Saturday, November 28, 2015

SimCity 4 Deluxe - 15/20 hours

Playing SimCity 4, I'm struck by the tenuousness of my control. My tools for city management are incredibly broad. I can declare an area a commercial, industrial, or residential zone, but the simulation itself decides what to build in those zones. In theory, this gives you the opportunity to take a step back and concentrate on the big-picture problems of your city, but in practice, it means that much of its shape and character are determined by chance.

On a certain level, you can have an effect with the placement and proportion of zones, and I've made a couple of nightmarish industrial cities that are heavy with pollution, but moderately successful. Yet, attempting to go deeper into a specialization is still beyond my skills. I took a thin stretch of coast and tried to make it into a high-class, glamorous coastal playground for the rich and famous, but it turned out to be just another middle-class suburban sprawl.

The problem might be that I've plateaued in skill. I managed to get my main city up to 130,000 people with a balanced budged and effective services, but then I ran out of space and growth stalled. I think the big barrier for me is traffic. I just can't get a handle on how to manage it effectively. I want to take my cities to the next level, but the aforementioned lack of specific control makes me feel like all of my solutions involve guess-work and happenstance.

So, the question I'm left with is - is it the game, or is it me? Given that there are people who have successfully built cities with millions of people in them, it has to be the case that mastery is possible. I just don't know how to proceed from here. Look at online guides, maybe. Attempt radical experiments. All I know is that the game itself won't help me. It's not very transparent with the logic behind its mechanics.

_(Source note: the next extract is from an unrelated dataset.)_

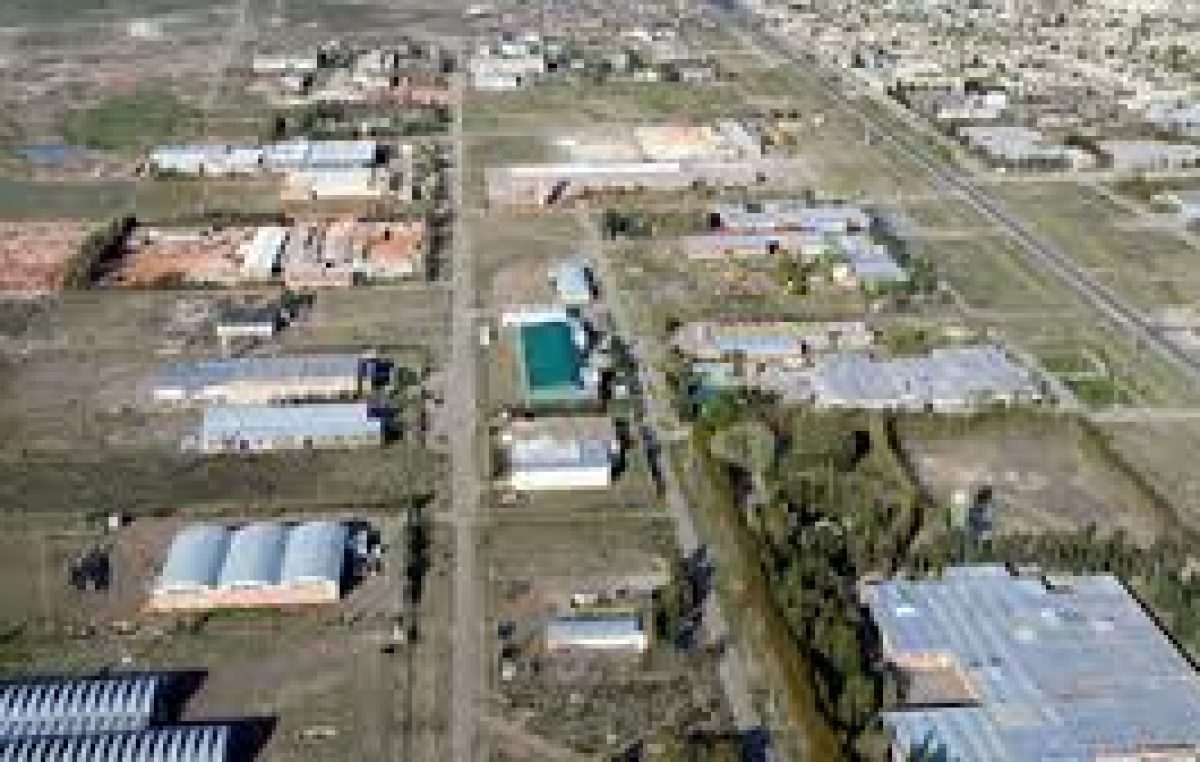 Prevén inversión de 65 millones para parques industriales de Chubut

Which, I suppose, is part of its charm. You're delving into a mysterious world where the connections between cause and effect are not easily seen, and small, seemingly innocent decisions can have massive consequences. In some small way it mimics the murkiness of real politics. What does it mean, and what does it matter when, say, a vacant field gets sold to a big corporation to allow them to build a supermarket near a busy intersection (a thing that recently happened in my real-life hometown)? What is the connection between the city planner, a typical citizen, and the city itself?

In real life, these are difficult, perhaps unanswerable questions. By its very nature, SimCity 4 must attempt to answer them, because otherwise how could it possibly be a responsive simulation? Assumptions about the nature of urban life, the role of government, and the ramifications of economic and political decision among local elites must be baked into the game's very code. Those assumptions are what make it a game.

Yet, after 15 hours with SimCity 4, I couldn't tell you with any precision what those assumptions are. Part of that is, of course, my lack of skill with the game. But I suspect a larger part is my lamentable lack of savvy when it comes to local politics. Why didn't anyone ever tell me this stuff was important?